§ Extracted entries:
━━━━━━━━━━━━━━━━━━━━

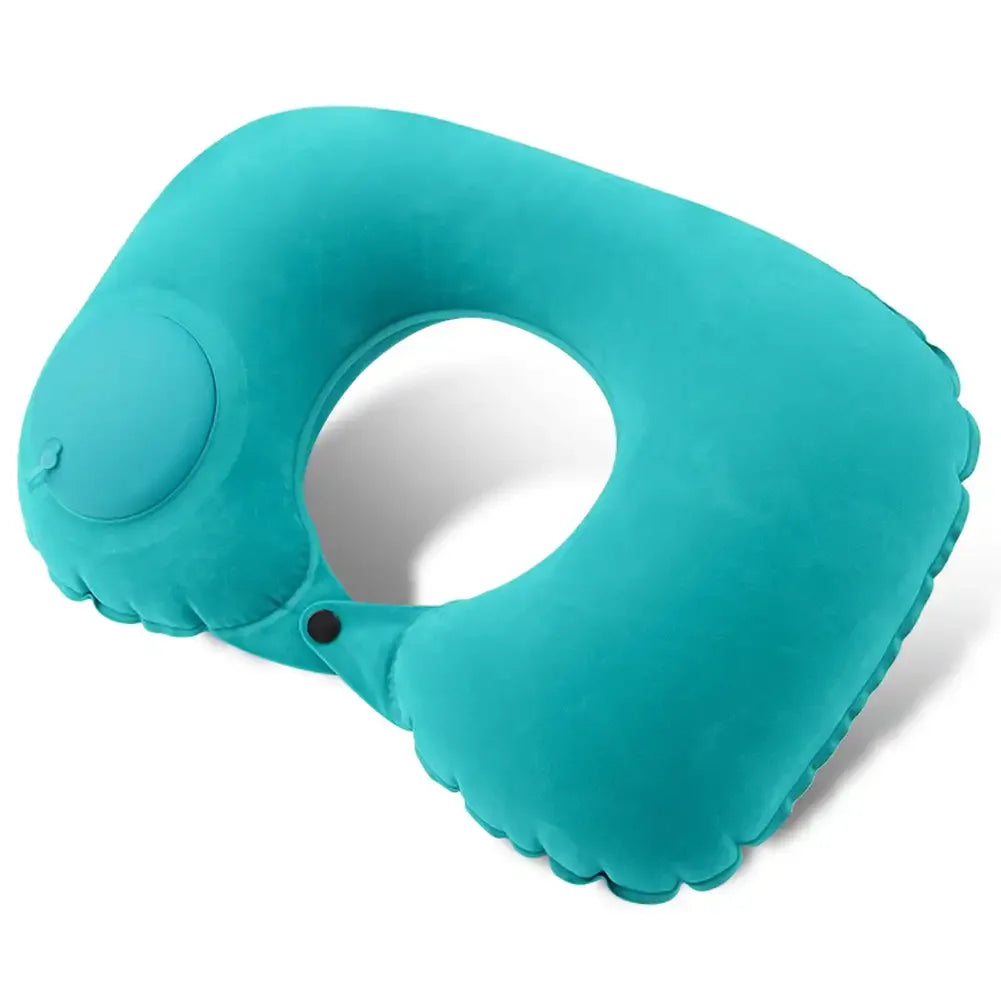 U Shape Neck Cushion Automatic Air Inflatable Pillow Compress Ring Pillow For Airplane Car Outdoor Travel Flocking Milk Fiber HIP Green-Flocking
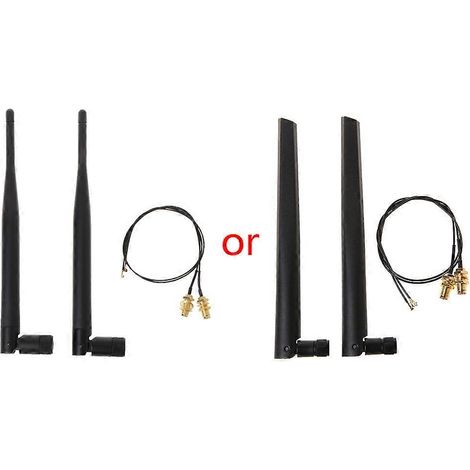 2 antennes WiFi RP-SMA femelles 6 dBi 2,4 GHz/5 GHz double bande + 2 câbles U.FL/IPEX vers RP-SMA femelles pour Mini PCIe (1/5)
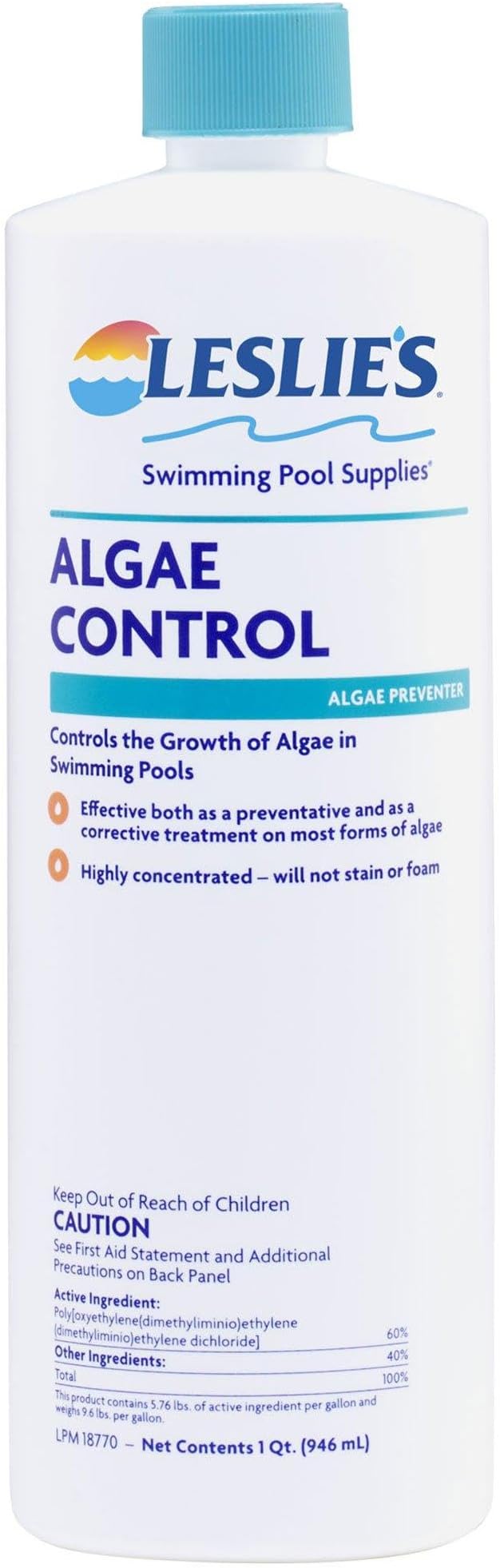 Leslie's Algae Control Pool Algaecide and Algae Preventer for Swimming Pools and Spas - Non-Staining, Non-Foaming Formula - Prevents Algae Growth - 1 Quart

━━━━━━━━━━━━━━━━━━━━

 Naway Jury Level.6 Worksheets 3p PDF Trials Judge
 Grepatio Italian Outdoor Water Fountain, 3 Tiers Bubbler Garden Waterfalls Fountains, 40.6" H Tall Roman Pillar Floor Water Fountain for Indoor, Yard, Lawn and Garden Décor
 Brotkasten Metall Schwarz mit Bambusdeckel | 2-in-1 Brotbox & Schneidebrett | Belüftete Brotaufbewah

━━━━━━━━━━━━━━━━━━━━

§ What this task involves: Given the entries above, transcribe exactly the lines from the one holding "2 antennes WiFi" through the one holding "Leslie's Algae Control"; pictures do not belong in the transcription.

§ Output for this exercise:
 2 antennes WiFi RP-SMA femelles 6 dBi 2,4 GHz/5 GHz double bande + 2 câbles U.FL/IPEX vers RP-SMA femelles pour Mini PCIe (1/5)
 Leslie's Algae Control Pool Algaecide and Algae Preventer for Swimming Pools and Spas - Non-Staining, Non-Foaming Formula - Prevents Algae Growth - 1 Quart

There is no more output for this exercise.